[Records for this task]
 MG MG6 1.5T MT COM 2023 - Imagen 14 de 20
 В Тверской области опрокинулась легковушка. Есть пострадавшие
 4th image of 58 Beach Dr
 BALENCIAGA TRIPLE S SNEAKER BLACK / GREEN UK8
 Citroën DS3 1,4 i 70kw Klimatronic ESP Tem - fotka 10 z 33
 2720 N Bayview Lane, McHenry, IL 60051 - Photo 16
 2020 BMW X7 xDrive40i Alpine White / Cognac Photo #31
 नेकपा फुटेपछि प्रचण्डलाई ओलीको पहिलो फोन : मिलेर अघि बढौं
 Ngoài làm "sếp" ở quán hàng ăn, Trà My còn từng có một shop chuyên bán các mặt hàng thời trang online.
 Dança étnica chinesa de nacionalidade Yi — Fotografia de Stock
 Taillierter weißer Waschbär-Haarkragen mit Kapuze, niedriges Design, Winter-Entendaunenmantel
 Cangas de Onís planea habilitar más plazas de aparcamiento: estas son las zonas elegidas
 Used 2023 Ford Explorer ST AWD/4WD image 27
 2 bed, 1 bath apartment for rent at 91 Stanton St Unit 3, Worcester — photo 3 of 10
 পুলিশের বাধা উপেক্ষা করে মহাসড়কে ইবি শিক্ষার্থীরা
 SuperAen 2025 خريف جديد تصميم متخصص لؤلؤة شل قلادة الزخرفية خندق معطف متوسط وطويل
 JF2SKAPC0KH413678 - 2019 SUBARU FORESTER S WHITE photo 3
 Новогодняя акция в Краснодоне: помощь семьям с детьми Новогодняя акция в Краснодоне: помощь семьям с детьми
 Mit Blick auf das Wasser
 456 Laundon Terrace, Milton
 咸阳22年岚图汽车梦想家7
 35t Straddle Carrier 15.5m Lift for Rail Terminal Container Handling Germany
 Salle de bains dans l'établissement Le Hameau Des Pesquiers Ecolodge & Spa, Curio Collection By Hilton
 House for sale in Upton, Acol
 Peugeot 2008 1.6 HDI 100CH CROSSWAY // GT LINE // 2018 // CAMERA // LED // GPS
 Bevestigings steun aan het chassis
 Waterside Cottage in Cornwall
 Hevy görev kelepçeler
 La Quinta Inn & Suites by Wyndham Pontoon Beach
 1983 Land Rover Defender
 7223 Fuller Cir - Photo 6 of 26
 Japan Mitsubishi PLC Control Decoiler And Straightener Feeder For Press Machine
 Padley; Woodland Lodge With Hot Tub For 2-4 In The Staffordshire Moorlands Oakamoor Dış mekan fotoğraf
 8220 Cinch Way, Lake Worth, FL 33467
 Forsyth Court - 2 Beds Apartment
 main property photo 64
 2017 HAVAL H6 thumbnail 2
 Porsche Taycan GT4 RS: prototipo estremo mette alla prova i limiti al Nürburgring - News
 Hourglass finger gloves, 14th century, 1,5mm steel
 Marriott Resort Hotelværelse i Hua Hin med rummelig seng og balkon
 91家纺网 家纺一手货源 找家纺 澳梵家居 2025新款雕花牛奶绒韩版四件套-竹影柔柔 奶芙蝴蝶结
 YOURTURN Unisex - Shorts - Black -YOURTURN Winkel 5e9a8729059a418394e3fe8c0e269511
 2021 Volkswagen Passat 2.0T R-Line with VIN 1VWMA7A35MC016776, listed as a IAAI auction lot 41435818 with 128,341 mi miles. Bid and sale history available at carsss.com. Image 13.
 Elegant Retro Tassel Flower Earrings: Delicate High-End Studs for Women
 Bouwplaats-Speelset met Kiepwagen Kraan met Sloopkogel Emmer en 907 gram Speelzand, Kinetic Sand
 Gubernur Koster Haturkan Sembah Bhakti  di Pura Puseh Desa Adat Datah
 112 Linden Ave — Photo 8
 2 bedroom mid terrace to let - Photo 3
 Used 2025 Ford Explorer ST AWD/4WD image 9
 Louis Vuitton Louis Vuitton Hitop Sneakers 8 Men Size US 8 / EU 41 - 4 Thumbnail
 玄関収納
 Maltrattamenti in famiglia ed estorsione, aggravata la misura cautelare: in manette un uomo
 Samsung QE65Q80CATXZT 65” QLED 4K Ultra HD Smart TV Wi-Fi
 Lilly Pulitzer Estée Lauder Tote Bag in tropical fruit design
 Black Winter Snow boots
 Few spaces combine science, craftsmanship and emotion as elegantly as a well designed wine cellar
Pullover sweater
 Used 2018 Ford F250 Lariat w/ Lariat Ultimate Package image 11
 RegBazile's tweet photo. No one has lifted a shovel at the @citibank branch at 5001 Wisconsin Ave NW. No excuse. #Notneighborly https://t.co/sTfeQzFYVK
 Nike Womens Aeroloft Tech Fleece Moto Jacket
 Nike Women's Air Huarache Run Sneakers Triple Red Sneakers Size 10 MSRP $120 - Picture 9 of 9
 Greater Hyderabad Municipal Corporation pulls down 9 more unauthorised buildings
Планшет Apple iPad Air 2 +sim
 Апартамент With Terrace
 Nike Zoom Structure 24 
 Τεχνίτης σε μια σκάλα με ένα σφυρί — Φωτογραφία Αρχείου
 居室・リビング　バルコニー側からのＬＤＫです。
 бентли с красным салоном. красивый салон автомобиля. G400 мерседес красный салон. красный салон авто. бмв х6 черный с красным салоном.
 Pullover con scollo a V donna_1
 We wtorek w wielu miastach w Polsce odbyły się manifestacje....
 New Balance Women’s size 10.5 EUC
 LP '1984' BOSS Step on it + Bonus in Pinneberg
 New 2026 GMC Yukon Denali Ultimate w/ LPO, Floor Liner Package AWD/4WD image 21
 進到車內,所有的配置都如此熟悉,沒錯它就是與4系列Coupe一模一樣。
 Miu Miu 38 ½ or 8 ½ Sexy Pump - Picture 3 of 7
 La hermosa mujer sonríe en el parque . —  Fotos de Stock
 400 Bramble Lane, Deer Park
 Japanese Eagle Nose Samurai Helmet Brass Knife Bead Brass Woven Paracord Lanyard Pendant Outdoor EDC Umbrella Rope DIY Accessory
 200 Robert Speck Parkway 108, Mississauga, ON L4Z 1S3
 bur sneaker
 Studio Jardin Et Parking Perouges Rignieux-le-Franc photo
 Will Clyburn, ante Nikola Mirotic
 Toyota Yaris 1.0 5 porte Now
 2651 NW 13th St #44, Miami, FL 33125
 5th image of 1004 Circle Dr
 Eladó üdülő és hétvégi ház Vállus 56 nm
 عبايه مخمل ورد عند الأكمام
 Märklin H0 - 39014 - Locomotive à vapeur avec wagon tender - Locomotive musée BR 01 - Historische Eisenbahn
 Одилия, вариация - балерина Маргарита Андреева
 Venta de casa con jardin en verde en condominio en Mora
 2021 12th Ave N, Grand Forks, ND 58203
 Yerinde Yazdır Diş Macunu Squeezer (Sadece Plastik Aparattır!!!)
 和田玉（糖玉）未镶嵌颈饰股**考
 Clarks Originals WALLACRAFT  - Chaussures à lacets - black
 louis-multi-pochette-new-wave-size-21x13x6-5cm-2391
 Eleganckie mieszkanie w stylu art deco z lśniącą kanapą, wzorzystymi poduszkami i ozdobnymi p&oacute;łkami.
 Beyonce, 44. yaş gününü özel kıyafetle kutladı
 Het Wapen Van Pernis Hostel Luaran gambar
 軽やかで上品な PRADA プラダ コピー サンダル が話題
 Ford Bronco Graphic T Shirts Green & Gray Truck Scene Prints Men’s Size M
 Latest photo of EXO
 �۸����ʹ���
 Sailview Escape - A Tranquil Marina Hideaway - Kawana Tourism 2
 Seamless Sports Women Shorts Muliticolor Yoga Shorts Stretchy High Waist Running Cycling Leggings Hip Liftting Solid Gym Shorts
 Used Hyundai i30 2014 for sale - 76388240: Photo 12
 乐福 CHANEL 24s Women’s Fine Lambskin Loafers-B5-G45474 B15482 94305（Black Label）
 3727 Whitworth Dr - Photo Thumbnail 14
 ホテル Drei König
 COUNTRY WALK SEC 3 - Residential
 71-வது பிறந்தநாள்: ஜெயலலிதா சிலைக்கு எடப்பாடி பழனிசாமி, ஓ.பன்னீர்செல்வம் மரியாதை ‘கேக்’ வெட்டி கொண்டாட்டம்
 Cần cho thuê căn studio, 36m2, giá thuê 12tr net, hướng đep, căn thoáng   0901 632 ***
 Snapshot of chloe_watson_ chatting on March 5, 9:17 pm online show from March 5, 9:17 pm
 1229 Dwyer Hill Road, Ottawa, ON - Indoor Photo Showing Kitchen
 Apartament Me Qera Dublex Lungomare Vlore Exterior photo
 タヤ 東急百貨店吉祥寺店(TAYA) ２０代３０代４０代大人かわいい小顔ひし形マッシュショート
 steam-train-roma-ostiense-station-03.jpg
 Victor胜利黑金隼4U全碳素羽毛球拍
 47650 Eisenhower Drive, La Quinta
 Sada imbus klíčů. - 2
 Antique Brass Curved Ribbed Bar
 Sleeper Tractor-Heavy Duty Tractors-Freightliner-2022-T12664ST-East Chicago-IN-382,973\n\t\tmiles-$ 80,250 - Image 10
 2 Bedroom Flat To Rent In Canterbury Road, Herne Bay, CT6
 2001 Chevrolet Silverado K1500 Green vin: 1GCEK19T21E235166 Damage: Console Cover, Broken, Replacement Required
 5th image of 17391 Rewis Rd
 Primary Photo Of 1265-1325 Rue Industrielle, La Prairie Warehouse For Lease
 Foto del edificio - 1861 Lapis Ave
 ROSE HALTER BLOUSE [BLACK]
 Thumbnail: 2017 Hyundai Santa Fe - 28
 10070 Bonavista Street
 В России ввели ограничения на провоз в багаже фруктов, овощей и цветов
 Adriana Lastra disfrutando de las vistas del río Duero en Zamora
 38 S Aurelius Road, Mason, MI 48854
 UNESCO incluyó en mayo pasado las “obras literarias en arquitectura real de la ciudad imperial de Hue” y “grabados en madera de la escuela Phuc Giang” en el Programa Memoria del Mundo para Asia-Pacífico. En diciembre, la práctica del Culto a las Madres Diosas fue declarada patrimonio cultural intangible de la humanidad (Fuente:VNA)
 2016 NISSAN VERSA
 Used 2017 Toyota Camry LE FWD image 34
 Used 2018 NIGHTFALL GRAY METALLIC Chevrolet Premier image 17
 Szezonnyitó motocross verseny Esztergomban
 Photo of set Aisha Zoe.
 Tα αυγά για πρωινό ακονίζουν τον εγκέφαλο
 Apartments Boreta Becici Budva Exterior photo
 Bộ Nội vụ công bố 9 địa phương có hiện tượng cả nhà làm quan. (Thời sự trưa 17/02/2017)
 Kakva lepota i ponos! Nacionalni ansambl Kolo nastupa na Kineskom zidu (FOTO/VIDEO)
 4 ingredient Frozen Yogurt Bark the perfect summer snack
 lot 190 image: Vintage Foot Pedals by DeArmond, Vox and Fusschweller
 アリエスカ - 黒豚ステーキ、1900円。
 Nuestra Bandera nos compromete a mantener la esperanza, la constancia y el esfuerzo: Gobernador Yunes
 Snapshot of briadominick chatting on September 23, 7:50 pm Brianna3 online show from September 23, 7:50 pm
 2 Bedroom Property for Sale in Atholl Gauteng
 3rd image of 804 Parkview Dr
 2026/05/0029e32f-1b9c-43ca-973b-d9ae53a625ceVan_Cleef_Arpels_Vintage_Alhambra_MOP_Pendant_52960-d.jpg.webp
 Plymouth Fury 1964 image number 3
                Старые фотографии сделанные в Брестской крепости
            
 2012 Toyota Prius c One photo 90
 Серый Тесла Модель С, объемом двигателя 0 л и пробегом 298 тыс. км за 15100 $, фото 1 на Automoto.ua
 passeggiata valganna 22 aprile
[/Records for this task]
:: Problem ::
Set down the lines of the listing word for word, from its first line through the line containing "Used 2023 Ford Explorer ST AWD/4WD image 27". Both of those lines belong in the answer, and no others do.

:: Response ::
 MG MG6 1.5T MT COM 2023 - Imagen 14 de 20
 В Тверской области опрокинулась легковушка. Есть пострадавшие
 4th image of 58 Beach Dr
 BALENCIAGA TRIPLE S SNEAKER BLACK / GREEN UK8
 Citroën DS3 1,4 i 70kw Klimatronic ESP Tem - fotka 10 z 33
 2720 N Bayview Lane, McHenry, IL 60051 - Photo 16
 2020 BMW X7 xDrive40i Alpine White / Cognac Photo #31
 नेकपा फुटेपछि प्रचण्डलाई ओलीको पहिलो फोन : मिलेर अघि बढौं
 Ngoài làm "sếp" ở quán hàng ăn, Trà My còn từng có một shop chuyên bán các mặt hàng thời trang online.
 Dança étnica chinesa de nacionalidade Yi — Fotografia de Stock
 Taillierter weißer Waschbär-Haarkragen mit Kapuze, niedriges Design, Winter-Entendaunenmantel
 Cangas de Onís planea habilitar más plazas de aparcamiento: estas son las zonas elegidas
 Used 2023 Ford Explorer ST AWD/4WD image 27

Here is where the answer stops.